20/12/2022
Como muchos otros días en estos últimos años, me encuentro sentado sobre el sofá del balcón de mi departamento. Desde aquí puedo ver gran parte de la ciudad, escucho el tráfico de Tobalaba que no cesa, y cada cierto tiempo se pueden ver a lo lejos los fuegos artificiales que anuncian que llegó la merca. A veces extraño la sensación de libertad que me producían esas drogas, esas noches de desenfreno que eran pura descarga. Las extraño cuando siento el peso de la soledad; esas noches en que buscaba saciar el vacío que me devora desde adentro; esa melancolía que llevo inscrita en el cuerpo por el fantasma de una ausencia.
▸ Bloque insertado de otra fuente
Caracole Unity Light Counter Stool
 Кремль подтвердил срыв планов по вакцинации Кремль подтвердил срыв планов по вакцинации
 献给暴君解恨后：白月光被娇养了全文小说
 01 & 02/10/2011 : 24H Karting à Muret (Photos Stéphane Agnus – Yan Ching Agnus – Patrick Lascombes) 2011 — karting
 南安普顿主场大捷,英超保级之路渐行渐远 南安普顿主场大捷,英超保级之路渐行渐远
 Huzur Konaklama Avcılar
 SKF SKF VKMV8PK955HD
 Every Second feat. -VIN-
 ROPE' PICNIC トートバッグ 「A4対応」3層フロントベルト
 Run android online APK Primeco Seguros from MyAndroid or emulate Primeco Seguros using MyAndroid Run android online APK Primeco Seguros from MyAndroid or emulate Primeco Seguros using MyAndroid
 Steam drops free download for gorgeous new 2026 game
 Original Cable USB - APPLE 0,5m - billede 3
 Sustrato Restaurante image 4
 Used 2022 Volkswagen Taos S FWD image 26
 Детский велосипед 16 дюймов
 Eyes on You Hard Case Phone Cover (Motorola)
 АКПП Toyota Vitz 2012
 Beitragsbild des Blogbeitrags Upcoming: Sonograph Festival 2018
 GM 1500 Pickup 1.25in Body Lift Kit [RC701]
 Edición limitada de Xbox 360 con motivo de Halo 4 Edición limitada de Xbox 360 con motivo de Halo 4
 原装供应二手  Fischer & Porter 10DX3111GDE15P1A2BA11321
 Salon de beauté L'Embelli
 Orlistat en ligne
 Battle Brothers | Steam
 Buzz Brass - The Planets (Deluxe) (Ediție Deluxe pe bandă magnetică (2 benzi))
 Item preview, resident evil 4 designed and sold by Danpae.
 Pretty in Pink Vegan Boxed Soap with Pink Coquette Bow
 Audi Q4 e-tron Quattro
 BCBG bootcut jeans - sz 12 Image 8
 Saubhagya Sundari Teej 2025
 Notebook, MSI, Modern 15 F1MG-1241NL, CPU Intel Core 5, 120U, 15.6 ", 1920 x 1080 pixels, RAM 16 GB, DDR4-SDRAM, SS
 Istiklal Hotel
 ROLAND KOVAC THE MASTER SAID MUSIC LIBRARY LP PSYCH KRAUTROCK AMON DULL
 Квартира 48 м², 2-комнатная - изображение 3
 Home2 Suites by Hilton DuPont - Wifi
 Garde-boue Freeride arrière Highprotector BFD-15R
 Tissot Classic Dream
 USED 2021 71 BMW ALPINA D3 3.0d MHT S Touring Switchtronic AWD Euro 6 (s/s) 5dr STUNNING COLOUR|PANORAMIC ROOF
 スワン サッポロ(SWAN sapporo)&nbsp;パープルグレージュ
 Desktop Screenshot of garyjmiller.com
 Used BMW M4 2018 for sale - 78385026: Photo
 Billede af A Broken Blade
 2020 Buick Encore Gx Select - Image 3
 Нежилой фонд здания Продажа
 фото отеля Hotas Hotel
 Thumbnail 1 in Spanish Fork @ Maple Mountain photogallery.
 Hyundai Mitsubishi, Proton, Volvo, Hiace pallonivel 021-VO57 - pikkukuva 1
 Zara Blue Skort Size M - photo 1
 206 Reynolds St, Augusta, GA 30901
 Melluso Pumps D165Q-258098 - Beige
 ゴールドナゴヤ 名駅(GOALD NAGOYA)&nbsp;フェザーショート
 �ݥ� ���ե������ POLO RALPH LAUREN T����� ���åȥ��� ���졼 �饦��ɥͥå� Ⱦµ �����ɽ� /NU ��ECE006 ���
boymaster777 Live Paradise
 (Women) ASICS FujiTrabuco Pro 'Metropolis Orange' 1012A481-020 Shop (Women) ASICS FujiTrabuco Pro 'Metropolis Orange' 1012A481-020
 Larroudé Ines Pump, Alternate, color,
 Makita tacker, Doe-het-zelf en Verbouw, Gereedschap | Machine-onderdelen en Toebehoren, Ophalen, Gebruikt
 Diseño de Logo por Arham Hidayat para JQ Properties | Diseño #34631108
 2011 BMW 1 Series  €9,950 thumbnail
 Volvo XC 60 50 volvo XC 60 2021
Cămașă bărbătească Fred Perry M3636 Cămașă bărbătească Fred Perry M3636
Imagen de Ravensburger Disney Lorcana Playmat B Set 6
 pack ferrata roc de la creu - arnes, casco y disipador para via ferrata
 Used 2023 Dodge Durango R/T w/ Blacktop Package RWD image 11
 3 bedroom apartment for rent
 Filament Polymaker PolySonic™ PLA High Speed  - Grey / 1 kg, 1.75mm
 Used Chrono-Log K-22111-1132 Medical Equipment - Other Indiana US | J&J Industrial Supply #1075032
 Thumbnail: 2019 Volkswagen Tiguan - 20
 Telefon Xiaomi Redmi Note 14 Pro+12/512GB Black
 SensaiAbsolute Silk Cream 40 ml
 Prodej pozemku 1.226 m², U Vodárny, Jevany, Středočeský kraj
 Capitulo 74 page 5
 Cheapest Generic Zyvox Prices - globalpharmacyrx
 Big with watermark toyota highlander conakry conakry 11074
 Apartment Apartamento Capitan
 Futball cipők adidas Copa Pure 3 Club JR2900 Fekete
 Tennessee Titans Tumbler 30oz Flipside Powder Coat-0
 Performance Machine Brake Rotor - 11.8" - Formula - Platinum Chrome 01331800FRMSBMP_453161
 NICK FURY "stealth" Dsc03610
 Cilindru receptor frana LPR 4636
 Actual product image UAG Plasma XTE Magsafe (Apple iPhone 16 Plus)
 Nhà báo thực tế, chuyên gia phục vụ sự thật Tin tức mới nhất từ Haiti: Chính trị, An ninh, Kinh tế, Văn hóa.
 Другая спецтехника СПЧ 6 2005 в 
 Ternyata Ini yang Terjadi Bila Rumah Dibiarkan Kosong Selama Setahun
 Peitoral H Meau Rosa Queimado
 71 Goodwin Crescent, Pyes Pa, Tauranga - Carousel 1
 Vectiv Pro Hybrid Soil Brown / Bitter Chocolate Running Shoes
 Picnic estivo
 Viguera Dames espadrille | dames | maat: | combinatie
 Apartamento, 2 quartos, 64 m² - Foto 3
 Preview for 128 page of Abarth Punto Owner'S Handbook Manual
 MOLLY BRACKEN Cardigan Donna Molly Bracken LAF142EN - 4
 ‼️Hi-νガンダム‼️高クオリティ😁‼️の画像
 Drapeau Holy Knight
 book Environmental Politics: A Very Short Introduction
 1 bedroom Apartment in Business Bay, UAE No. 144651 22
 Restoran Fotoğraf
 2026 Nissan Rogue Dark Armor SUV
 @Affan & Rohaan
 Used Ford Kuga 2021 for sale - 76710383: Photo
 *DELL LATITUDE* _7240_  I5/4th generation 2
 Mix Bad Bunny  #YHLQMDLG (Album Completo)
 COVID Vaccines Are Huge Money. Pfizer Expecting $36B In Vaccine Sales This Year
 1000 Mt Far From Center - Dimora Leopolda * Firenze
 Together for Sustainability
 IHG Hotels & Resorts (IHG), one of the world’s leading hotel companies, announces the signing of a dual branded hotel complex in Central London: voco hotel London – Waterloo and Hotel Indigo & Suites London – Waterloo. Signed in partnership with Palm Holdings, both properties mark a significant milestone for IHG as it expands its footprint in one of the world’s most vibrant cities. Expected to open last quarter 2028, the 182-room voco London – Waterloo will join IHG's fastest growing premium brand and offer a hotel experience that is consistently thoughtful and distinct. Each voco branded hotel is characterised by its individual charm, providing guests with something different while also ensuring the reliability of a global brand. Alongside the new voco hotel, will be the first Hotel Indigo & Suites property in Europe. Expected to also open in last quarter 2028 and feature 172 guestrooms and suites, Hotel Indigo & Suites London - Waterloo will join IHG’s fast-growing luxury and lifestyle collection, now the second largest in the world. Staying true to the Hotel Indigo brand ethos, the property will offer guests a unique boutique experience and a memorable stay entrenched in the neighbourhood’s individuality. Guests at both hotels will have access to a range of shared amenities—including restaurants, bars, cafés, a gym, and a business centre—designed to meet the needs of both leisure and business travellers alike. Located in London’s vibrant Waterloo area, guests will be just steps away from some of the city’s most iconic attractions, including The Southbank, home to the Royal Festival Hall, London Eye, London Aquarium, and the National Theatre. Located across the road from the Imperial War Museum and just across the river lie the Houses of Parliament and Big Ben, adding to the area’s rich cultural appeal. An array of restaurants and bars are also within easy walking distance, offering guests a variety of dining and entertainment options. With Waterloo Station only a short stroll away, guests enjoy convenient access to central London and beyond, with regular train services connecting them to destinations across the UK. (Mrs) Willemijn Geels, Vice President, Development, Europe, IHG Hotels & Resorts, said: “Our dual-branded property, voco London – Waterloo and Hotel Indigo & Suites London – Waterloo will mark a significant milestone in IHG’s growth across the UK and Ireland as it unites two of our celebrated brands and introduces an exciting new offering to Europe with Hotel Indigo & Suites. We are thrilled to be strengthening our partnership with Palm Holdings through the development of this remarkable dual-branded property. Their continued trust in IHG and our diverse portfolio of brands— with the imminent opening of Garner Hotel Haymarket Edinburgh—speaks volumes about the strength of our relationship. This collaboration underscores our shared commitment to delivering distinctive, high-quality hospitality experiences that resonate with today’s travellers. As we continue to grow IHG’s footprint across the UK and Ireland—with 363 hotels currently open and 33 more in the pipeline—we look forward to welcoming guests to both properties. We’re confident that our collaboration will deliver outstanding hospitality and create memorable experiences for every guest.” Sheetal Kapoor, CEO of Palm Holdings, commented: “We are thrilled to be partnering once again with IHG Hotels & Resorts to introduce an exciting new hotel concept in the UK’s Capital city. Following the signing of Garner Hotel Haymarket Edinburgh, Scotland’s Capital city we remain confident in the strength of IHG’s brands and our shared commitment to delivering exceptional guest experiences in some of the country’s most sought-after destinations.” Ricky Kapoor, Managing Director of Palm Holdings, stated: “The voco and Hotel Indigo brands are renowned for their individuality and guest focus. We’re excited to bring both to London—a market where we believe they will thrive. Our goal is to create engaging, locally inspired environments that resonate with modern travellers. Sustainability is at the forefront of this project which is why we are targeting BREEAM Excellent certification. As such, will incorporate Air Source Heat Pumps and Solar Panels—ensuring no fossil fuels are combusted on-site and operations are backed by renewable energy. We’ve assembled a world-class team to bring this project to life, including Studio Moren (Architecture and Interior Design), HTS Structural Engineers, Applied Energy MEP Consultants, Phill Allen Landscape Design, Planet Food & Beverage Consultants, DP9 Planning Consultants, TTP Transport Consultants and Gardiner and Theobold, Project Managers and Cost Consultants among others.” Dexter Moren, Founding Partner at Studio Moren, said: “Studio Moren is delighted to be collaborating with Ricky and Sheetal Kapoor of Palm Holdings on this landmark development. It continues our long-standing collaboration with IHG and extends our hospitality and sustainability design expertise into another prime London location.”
Han pasado casi cuatro años desde que me alejé de esa vida, tiempo en el que me he aferrado a la ilusión de que dedicarme a los estudios, dejar el abuso de drogas, el alcohol y trabajar comprometidamente me cambiarían la vida. Y sí, mi vida ha cambiado drásticamente, ya no vivo de la misma manera, pero el fondo del abismo no ha dejado de expandirse, su oscuridad, cada día más reluciente, me impulsa a descender como por efecto de una narcosis. Quizás haber consumido tanto LSD durante mi adolescencia me dejó algo tocado. O bien, puede ser que el haber vivido tanta violencia durante mi infancia me haya marcado con la necesidad de encontrar un agujero en el cual esconderme.
Le pego un sorbo al mate tibio, enciendo un cigarro. El mañana está siempre en desplazamiento, retirándose. El hoy lleva la marca de su ineludibilidad; pero mi humanidad me permite engañarme de mi existencia.